Only the R Matters in RDBMS 29 June 2009
Posted by manniwood in SQL.trackback
“Show me your flowcharts and conceal your tables, and I shall continue to be mystified. Show me your tables, and I won’t usually need your flowcharts; they’ll be obvious.”
– Frederick P. Brooks, Jr., The Mythical Man Month, chapter 9, section “Representation Is the Essence of Programming”.
Bradford’s blog entry, “Social Media Kills the Database”, really struck a chord with me. Although I am an unabashed RDBMS fanboy, I may be an unusual one, because in some ways, I wish RDBMSs were used less than they are today. Not very fanboy-ish of me, but let me explain.
I was struck by the way Bradford called modern RDBMSs the “Swiss Army knives” of data storage, and referred to their “jack-of-all-trades nature”.
At first I thought that wasn’t a fair characterisation of RDBMSs, because I only use the relational features of RDBMSs, and figured everybody else did too. But then I thought of how many RDBMS vendors have added non-relational capabilities to their database products, like object-relational features and XML support; and how their marketing departments describe their products as all things to all people. And I realised Bradford was on to something: RDBMS vendors are trying to sell their products as the Swiss Army knives of data storage! I would argue that this hurts RDBMSs, and it confuses developers who try to use RDBMSs for things RDBMSs aren’t good at.
So what are RDBMSs good at? They’re pretty good implementations of the relational data model. And the relational data model is a pretty useful way of representing (and thinking about) data.
Now one thing I consider to be a bit of a misperception of RDBMSs is that
Traditional relational databases (like those used in finance) evolved in the 70’s and 80’s as a glorified spreadsheet-and-file-cabinet.
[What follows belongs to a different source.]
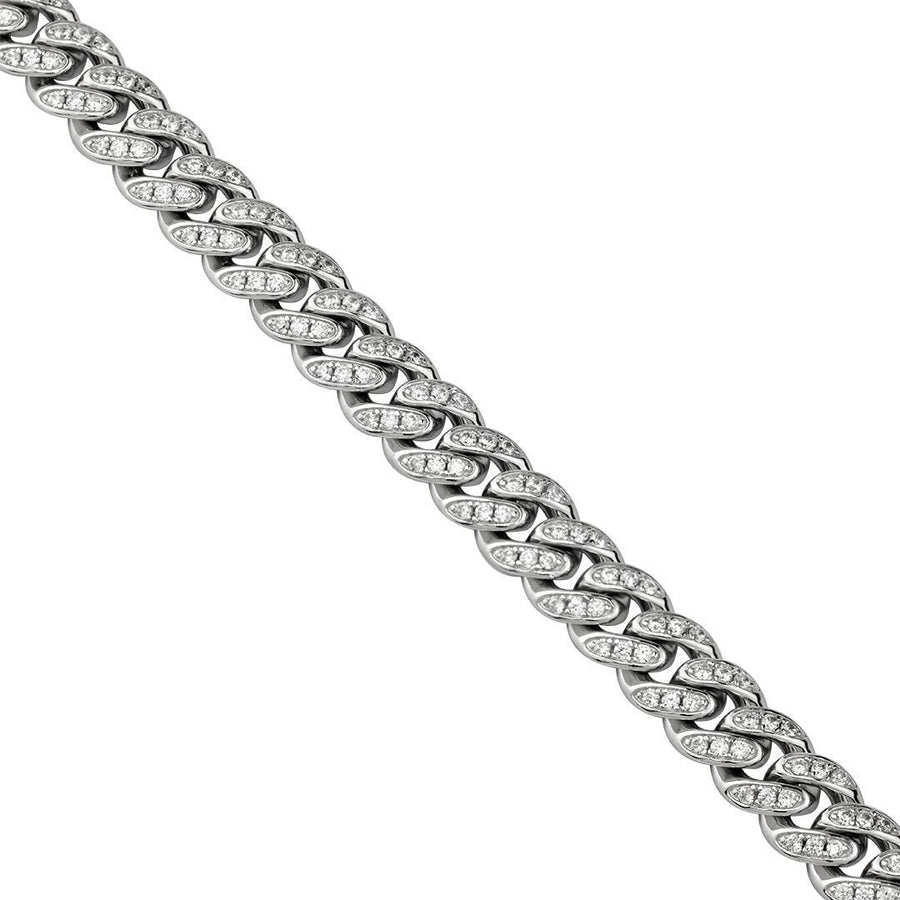925 Sterling Silver Mens Lab Created Stones Cuban Chain 30 inches 9 mm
The metaphor prevails today.
The truth is actually a bit more peculiar and interesting.
The relational data model began as a set of research papers published by IBM employee E. F. Codd in 1969 and throughout the 1970s. So unlike Google’s BigTable, or Amazon’s SimpleDB, which began as implementations, the relational model of data began as a set of ideas, not as source code.
This really appeals to me: the relational data model strives to be a mathematically and logically rigorous way of representing data, and exists outside of any one implementation. I can’t think of any other data model that this is true of.
In fact, work on the relational model continues to this day! C. J. Date in particular continues to work on, and publish books about, the relational data model. It’s particularly enlightening (not to mention entertaining) to read books like Database in Depth, where Date says that modern RDMBSs — and standard SQL — do a poor job of implementing the relational data model.
But I must say, even though RDBMSs are an imperfect implementation of the relational data model, I still love RDBMSs (and the relational model) to death. Do you think Unix/Linux is cool for being built around a central metaphor (“everything’s a file”)? SQL is way cooler: it tries to be an implementation of an actual data model based in logic and set theory!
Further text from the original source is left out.